There was one stunning omission from the urban Germanic landscape as compared to the U.S:
Not a single hybrid vehicle can be found in the entire nation. Why would that be? Gasoline was running about 1.40 EUR per liter last week in Dusseldorf. As global oil is denominated on the dollar and the dollar is weak viz the Euro, that works out to $7.85 a gallon. At almost $8, not one hybrid?
At $3.25 here in my Merika we pitch a fit and snap up all these Japanese hybrids at a premium as a precautionary response to "outrageous" prices. We build a handful of solar powered hydrogen fueling stations and declare the hydrogen economy is right around the corner. We drive the price of Mexican tortillas up to burn Iowa corn in our tanks. We stop to consider Mr. Pickens and begin to think about running our WalMart and autocentric economy on wind-backed natural gas. But at almost eight bucks a gallon in Europe, they do the only rational thing: they simply don't fucking drive.

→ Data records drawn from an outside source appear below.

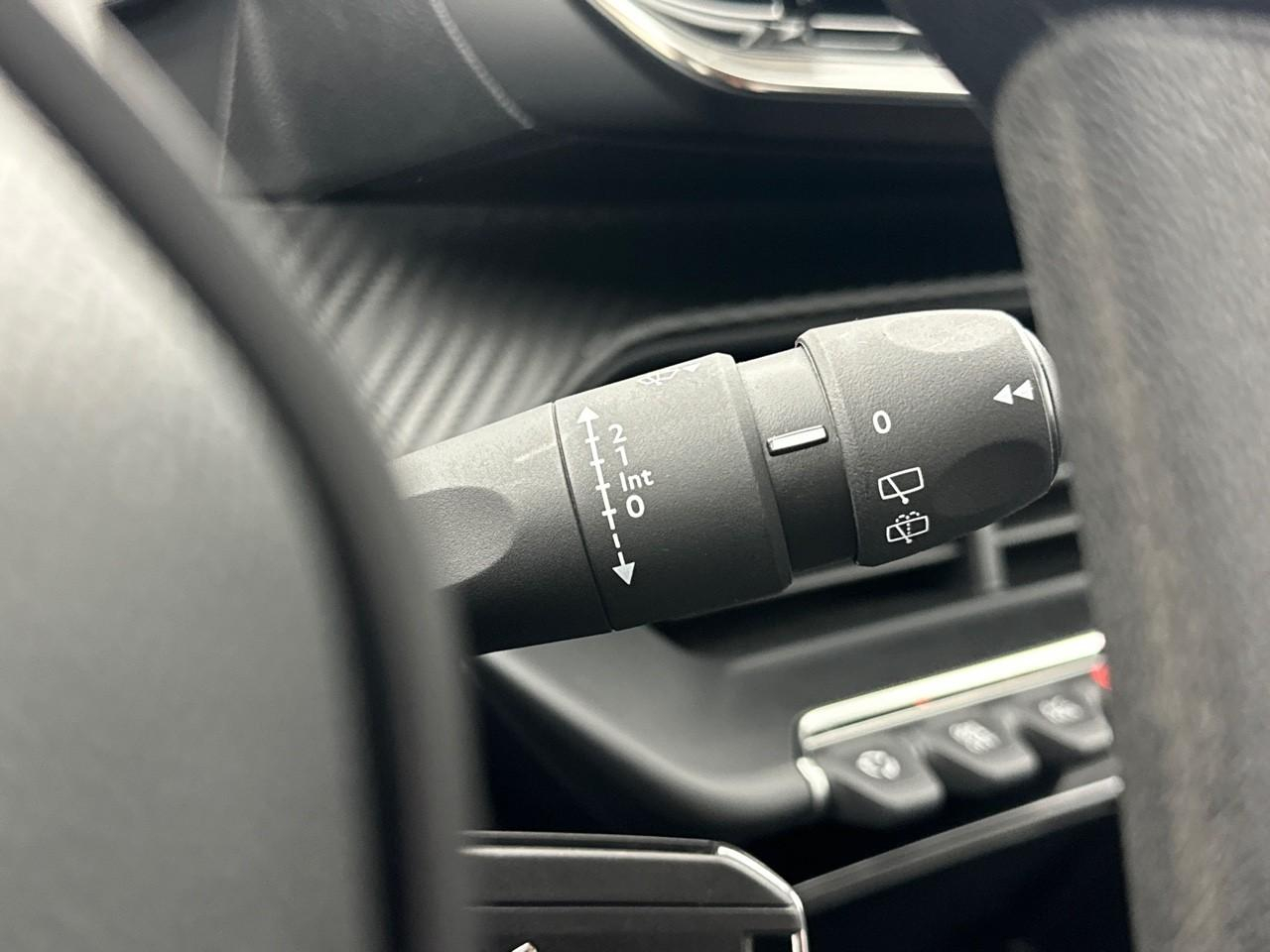 Peugeot 208 puretech 75 s&s bvm5 like — photo 18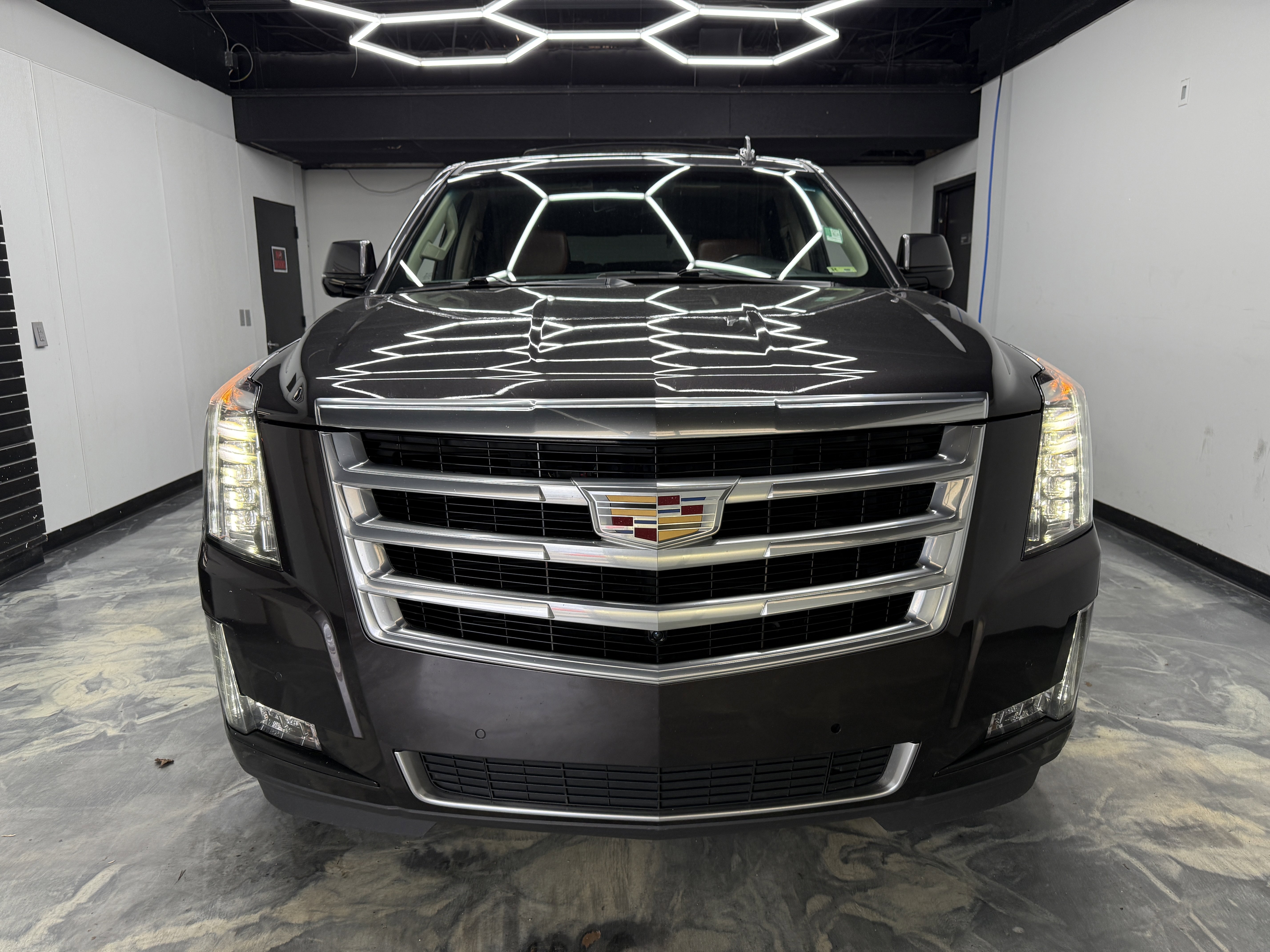 Used 2018 Cadillac Escalade Luxury AWD/4WD image 6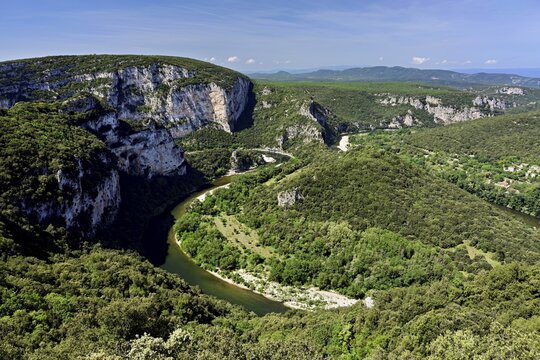 Ard&egrave;che River, Ard&egrave;che Gorge, Gorges de l'Ard&egrave;che, Vallon-Pont-d'Arc, Rh&ocirc;ne-Alpes, France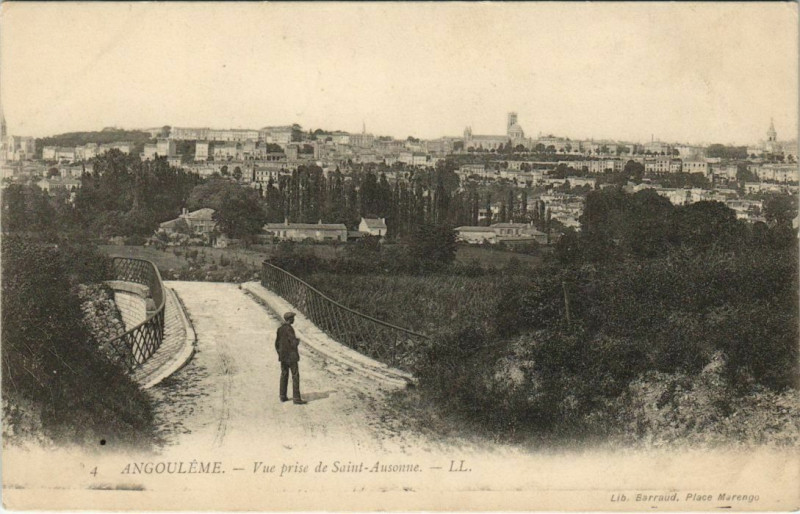 Carte postale ancienne Angouleme- vue prise de Saint-Ausonne France à Angoulême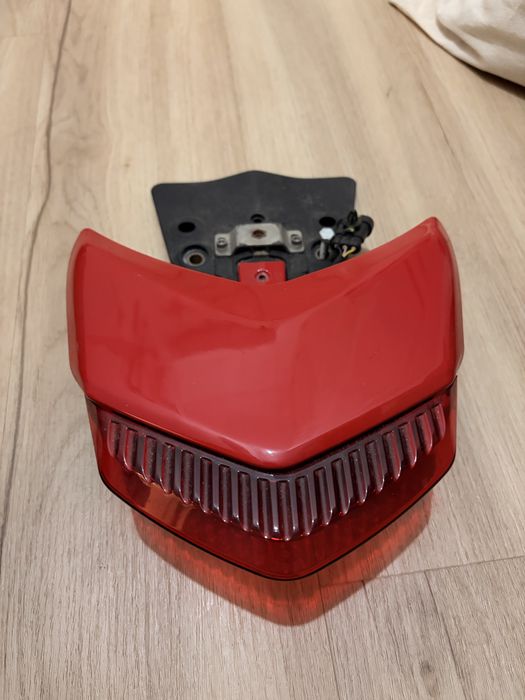 Farol traseiro original ducati hypermotard 1100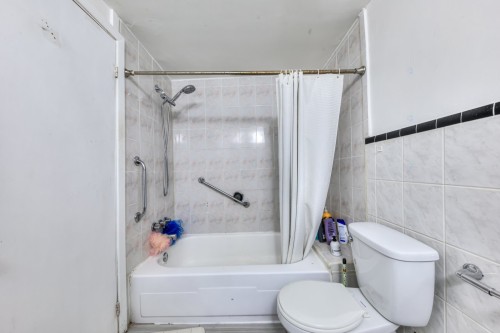 Bathroom - 3-7105 12E Avenue, Montréal (Villeray/Saint-Michel/Parc-Extension), QC - Indoor Photo Showing Bathroom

I don't think for a second there are CAFE fleet standards in Germany (or Europe for that matter). They don't need them because they already employ the best solution: correct gasoline taxation. I say correct because they don't subsidize the social damages caused by the perpetual motoring of its inhabitants as we do here in the U.S.
How are CAFE standards possibly going to work here in the U.S. when gasoline remains relatively cheap? We continue to provide incentives to squander energy. We continue to provide incentives to maintain our interstate suburban highway system. We would never build new communities like the picture above: medium density, a beautiful public realm, walkable and bikable communities, communities that share their space with cars but don't allow them to dominate. Places that are fairly quiet, where an open window to bring in fresh air won't also bring in the sounds of a six-lane collector road, places with a sufficient level of human eyes to provide a correct sense of security without resorting to razor wire barracades and roll-down chain-mail barriers.